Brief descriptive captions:
───

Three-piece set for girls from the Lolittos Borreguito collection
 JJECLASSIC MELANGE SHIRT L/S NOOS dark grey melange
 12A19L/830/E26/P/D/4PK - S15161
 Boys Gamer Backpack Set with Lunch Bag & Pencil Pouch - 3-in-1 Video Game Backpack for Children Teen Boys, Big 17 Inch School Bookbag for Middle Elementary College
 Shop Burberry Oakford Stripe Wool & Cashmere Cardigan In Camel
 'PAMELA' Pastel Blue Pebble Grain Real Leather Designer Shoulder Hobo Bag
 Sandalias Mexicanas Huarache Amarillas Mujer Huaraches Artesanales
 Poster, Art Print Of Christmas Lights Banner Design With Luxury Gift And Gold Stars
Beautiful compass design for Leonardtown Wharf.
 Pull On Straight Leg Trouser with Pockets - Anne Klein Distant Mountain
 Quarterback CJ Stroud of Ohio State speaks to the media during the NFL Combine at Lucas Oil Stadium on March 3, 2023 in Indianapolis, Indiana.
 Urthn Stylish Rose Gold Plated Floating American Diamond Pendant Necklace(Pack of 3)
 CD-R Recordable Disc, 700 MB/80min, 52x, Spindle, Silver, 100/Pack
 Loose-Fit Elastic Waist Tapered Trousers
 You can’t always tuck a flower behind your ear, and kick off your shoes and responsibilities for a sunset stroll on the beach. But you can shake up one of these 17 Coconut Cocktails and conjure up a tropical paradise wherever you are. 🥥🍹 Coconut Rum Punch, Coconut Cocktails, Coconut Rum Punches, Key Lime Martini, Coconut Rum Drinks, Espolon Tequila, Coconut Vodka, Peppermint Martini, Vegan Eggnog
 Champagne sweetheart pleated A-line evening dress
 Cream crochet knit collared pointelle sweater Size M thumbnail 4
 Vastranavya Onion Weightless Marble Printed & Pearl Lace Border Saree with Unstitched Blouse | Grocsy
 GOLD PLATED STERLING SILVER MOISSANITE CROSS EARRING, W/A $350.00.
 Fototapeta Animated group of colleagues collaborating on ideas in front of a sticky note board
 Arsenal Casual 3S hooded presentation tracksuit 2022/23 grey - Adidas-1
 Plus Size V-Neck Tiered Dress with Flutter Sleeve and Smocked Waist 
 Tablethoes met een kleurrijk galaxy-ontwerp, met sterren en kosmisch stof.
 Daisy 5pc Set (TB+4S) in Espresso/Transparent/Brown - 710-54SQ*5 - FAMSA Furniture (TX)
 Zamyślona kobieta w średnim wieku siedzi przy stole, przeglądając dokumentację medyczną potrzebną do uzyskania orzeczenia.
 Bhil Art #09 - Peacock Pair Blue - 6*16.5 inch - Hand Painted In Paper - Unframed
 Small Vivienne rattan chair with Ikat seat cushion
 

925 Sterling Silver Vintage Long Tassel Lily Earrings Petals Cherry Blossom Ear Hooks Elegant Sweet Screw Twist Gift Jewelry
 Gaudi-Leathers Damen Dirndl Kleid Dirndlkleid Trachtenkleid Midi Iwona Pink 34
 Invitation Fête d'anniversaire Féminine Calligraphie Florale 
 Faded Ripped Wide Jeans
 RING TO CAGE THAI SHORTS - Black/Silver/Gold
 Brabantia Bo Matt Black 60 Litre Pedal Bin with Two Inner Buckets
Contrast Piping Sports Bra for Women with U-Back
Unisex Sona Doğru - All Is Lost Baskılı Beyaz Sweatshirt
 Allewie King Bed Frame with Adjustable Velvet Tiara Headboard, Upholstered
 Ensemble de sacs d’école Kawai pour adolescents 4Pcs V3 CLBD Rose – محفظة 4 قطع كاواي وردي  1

───

◆ **Task instructions**: Look back at the entries above. Retype the line with "GOLD PLATED STERLING", the line with "Contrast Piping Sports", and all lines in between.

◆ **Exercise result**:
 GOLD PLATED STERLING SILVER MOISSANITE CROSS EARRING, W/A $350.00.
 Fototapeta Animated group of colleagues collaborating on ideas in front of a sticky note board
 Arsenal Casual 3S hooded presentation tracksuit 2022/23 grey - Adidas-1
 Plus Size V-Neck Tiered Dress with Flutter Sleeve and Smocked Waist 
 Tablethoes met een kleurrijk galaxy-ontwerp, met sterren en kosmisch stof.
 Daisy 5pc Set (TB+4S) in Espresso/Transparent/Brown - 710-54SQ*5 - FAMSA Furniture (TX)
 Zamyślona kobieta w średnim wieku siedzi przy stole, przeglądając dokumentację medyczną potrzebną do uzyskania orzeczenia.
 Bhil Art #09 - Peacock Pair Blue - 6*16.5 inch - Hand Painted In Paper - Unframed
 Small Vivienne rattan chair with Ikat seat cushion
 

925 Sterling Silver Vintage Long Tassel Lily Earrings Petals Cherry Blossom Ear Hooks Elegant Sweet Screw Twist Gift Jewelry
 Gaudi-Leathers Damen Dirndl Kleid Dirndlkleid Trachtenkleid Midi Iwona Pink 34
 Invitation Fête d'anniversaire Féminine Calligraphie Florale 
 Faded Ripped Wide Jeans
 RING TO CAGE THAI SHORTS - Black/Silver/Gold
 Brabantia Bo Matt Black 60 Litre Pedal Bin with Two Inner Buckets
Contrast Piping Sports Bra for Women with U-Back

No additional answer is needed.